日本も高学歴化したので論文数や特許出願数は過去20年くらい相当伸びてきた。ノーベル賞をとる日本人もちらほら話題になるが、私的にはイグノーベル賞をとる人が出てきているのがうれしい。こういった知的活動は書店の棚にも反映してきているように思う。儲からなくても面白くためになる本を出す出版社はたくさんある。そういう意味では日本の出版文化は健在だといえる。国民読書年も知的刺激の循環というところにもっとフォーカスしたらいいのになあと思う。しかし知的刺激になってもよく売れるわけではないだろう。

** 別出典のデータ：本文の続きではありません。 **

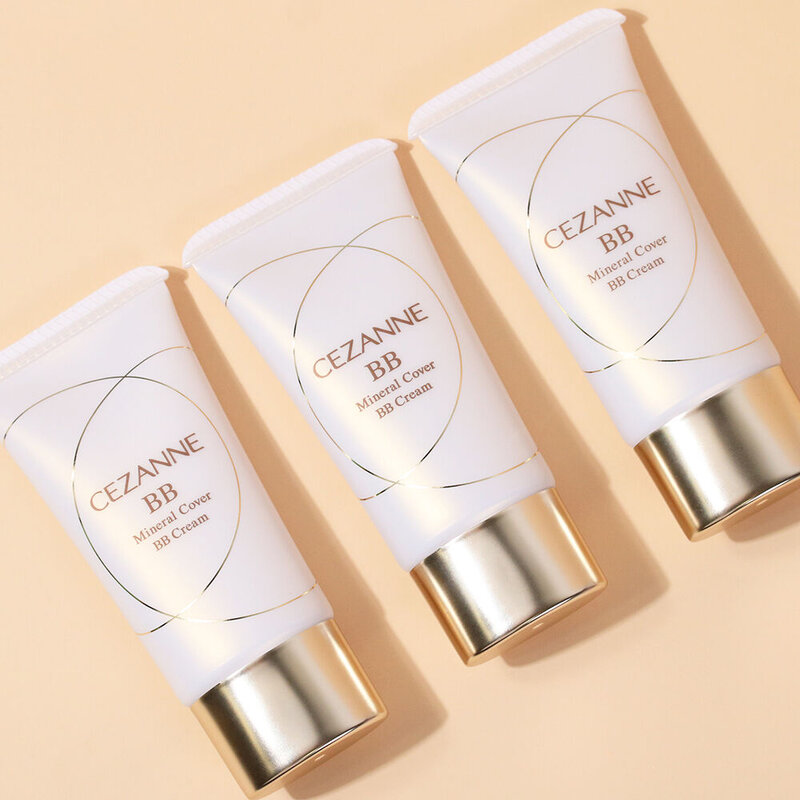 Cezanne Mineral Cover BB Cream 30g #20 Natural Ocher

ひとりで本を書くのは大変だから出版社の編集者が著者を育てるという雰囲気があったと思うが、これは本の高コスト構造につながる。それに対して、本つくりの生産性を上げるためにライターを動員してインスタントに本を作る体制ができた。これは知的循環とは違う動きであり、書き手を育てにくいだろう。では電子書籍は書き手を育てるだろうか。
書き手にとっては最初から電子書籍というのは実際にはつらいと思う。文章の推敲をするには章単位でもBook-On-Demand(以下BoD)にしてもらえたら、気分一新して落ち着いて読み返せるのに。また知人にレビューしてもらう場合でも、PDFファイルを渡したのではじっくりと読んでもらえないという気がしないでしょうか。
ゼミの教科書でも100ページくらいのBoDで必要数だけプリントするという使い方は便利そうだ。A5判100ページで500円なら学生にも買わせられるかと思うが、それならA3のプリント代は20円だからビジネス化はできそうだ。著者本人の推敲用として、関係者のレビュー用として、教室用として、マーケットテストとして、buyer向けの商品サンプルとして(日本の本屋には仕入れ担当が稀かもしれないが)、BoDで本を知らしめることを積み重ねた後に、出版社に評価してもらって既存の出版ビジネス(電子書籍も含めて)に載せる、という流れがよい本を世に出すためには自然に思える。つまり書き手を育て、ストレス・リスクが少ない出版モデルを創り出すのにBoDのビジネスが役に立つのではないか。それは必須になるのではないか、とさえ思える。
電子書籍黒船論で盛り上がるのも結構だが、何が本当は必要なのかも考えなければ…。